Maintenant, en tant que film lui-même, il n’y a pas d’intrigue dramatique. On voit Jean Cocteau rencontrer des amis et des artistes qui l’ont impressionné. Picasso, Charles Aznavour, Yul Bryner ou encore Jean-Pierre Léaud. Et pour nous guider dans ce film, le poète est accompagné de Cégeste ; le même Cégeste d’Orphée. Interprété par Edouard Dermit, le même acteur du film; et aussi l’amant de Jean Cocteau. Ce qui permet au poète et à son petit ami de travailler ensemble. De partager un moment important de complicité lors de cette production.

Aventure où apparaît également la Princesse et Herteubise du film Orphée. Une scène cruciale qui révèle ce qui leur est arrivé après la fin de l’histoire. Une fin que je ne révélerai pas tant elle est tragique et douce-amère. Mais cela concorde avec ce que j’avais toujours prédit en regardant le long métrage Parallèlement à cela, nous apprenons comment la nouvelle vie d’Orphée et d’Eurydice a évoluée dans leur univers parallèle. Et de cette fin, je ne m’y attendais pas.

Dans ses images en noir et blanc, le film présente de beaux endroits où Cocteau a travaillé et vécu, comme dans le sud de la France. Il présente également ses dessins. Illustrations très influencées par la mythologie grecque. Révélant des parties de lui-même; ce qui va dans le sens de ce qu’il a toujours dit. Que même si un ou une artiste fait de la peinture, du cinéma, du théâtre ou de la poésie, il ou elle dépeint toujours son propre autoportrait.

Et à travers d’astucieux effets spéciaux tels que des séquences de films inversés, Cocteau fait tout pour nous épater. Même chose avec la musique. Pour la bande sonore, George Auric participe à cette dernière aventure. Aux côtés d’autres grands compositeurs classiques comme Wagner, Bach, Haendel et d’autres ; dont les compositions ont été utilisées pour certaines scènes poétiques et tragiques. De nombreux moments émouvants qui restent dans le cœur des spectateurs. Comme la rencontre entre Jean Cocteau et Œdipe, joué par Jean Marais. La muse du poète, son âme sœur. Fait d’une manière très particulière; faisant référence à la façon dont ils se sont rencontrés pour la première fois.

Et puis il y a ce moment ; le plus choquant.

Où Minerve poignarde Jean Cocteau dans le dos avec une lance. Un moment très difficile à filmer car apparemment, d’après ce que j’ai lu, Cocteau a insisté pour ne pas être doublé par un cascadeur. Il voulait recevoir la lance au moment où elle le frappait. Une cascade qui a rendu tout le monde nerveux tant il était fragile et vulnérable. Pourtant, il a fait la scène; et ce moment est l’un des plus époustouflants de la filmographie du réalisateur.

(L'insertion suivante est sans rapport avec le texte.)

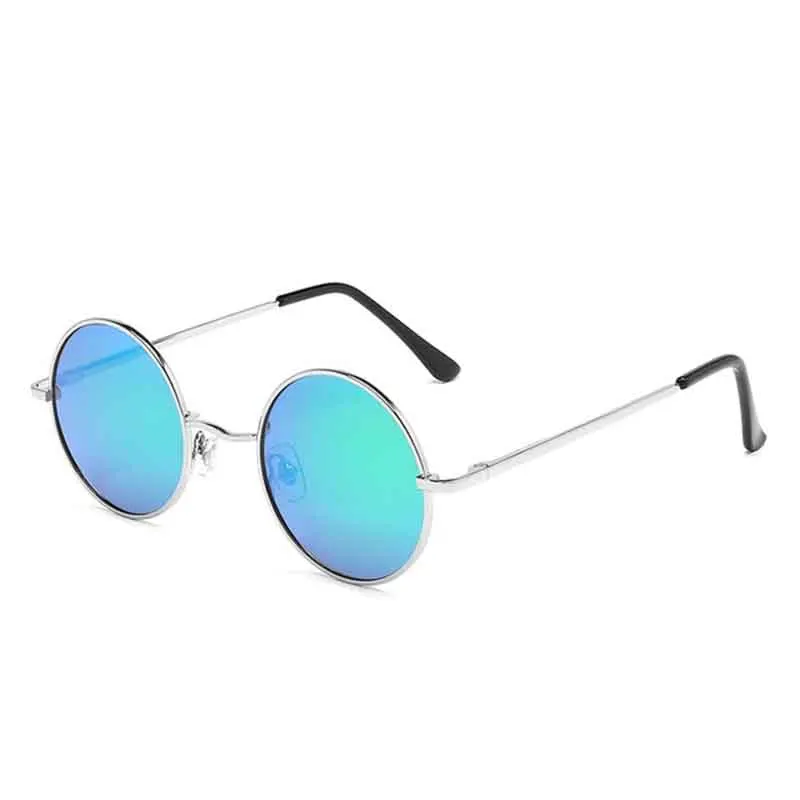 Брендовые дизайнерские Круглые очки с полароидным стеклом классические маленькие винтажные Ретро очки Джон Леннон женские металлические очки - Цвет линз: 9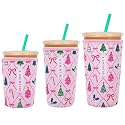 3 Pack Reusable Insulator Neoprene Sleeve for Iced Coffee &amp; Cold Soda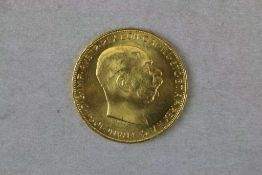 Goldmünze 100 Kronen Österreich Kaiser Franz Joseph 1915, Bruttogewicht: 33,875 g, Feingehalt: 900/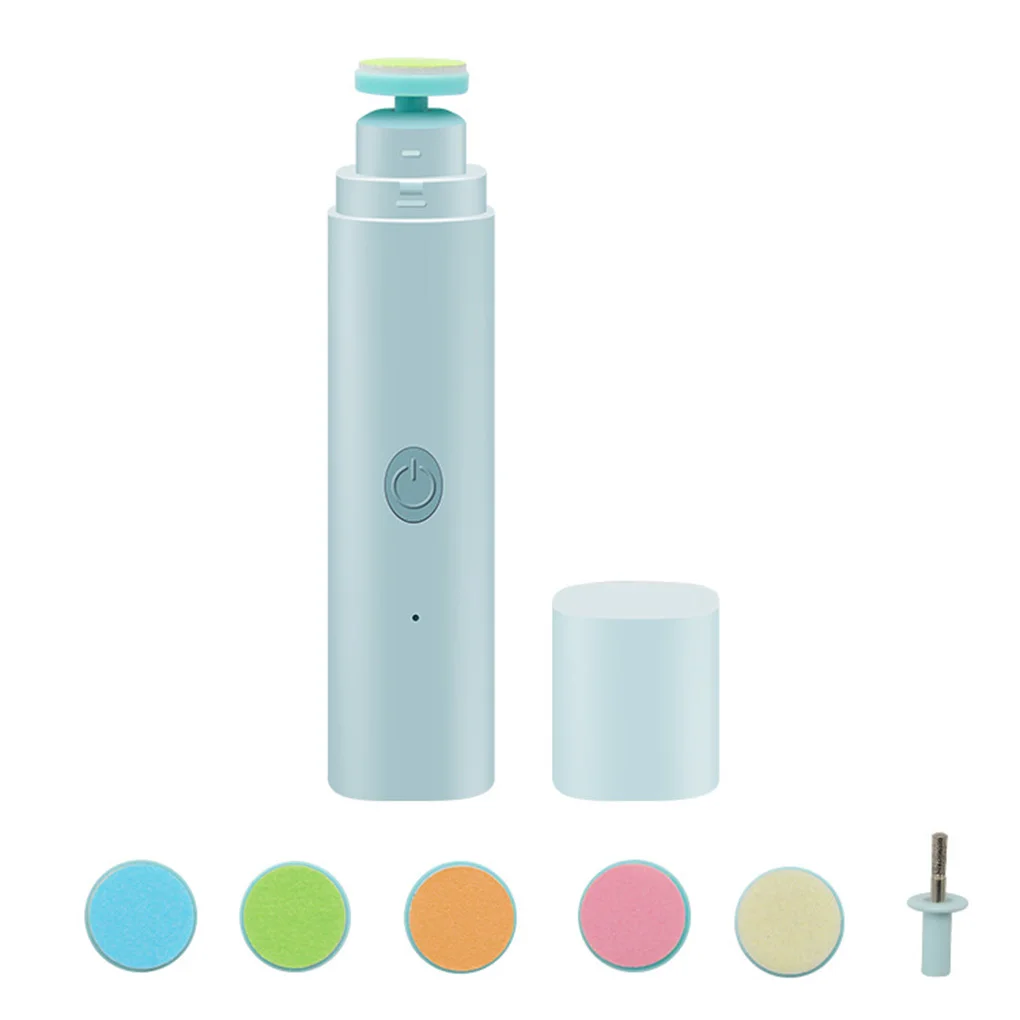 Electric Baby Nail Trimmer Rechargeable DIY Care Polisher Adjustable Files Travel Home Newborn Clipper with Heads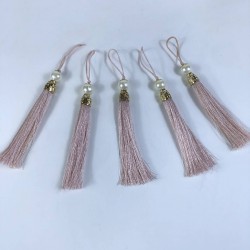 Pudra Gold Kapaklı İncili Püskül 1 Adet Boy 12 Cm-KAPPUSKUL-14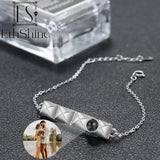 EthShine 925 Silver Photo Bracelet Heart Pendant Memorial Gift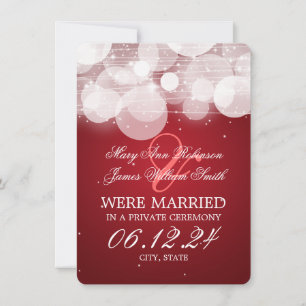 Giftermål Elopement Glow & Gnistra Red Meddelande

Au final, ce film permet à Jean Cocteau de rendre hommage à ses amis, mais aussi de confronter ses détracteurs. Tout ce qu’ils prétendaient à son sujet ; tout ce dont de quoi ils l’ont accusé; et comment il s’est toujours senti mal accueilli sur cette Terre en raison de la cruauté qu’il a subie dans sa vie.

En tant que tel, bien qu’il ne suive pas une intrigue dramatique, il s’agit d’une rétrospective métaphysique d’un poète. Qui sait que le film que nous voyons ici est son dernier. Sa chance de faire ses adieux à tous ceux qui ont vu ses films et ses pièces.

Un beau chant du cygne pour un homme que la presse française et les cliques intellectuelles de l’époque ont toujours traité de vilain petit canard. Alors que le reste du monde le vénérait, influençant des artistes comme Clive Barker et David Lynch ; dont la filmographie a de multiples références au poète français.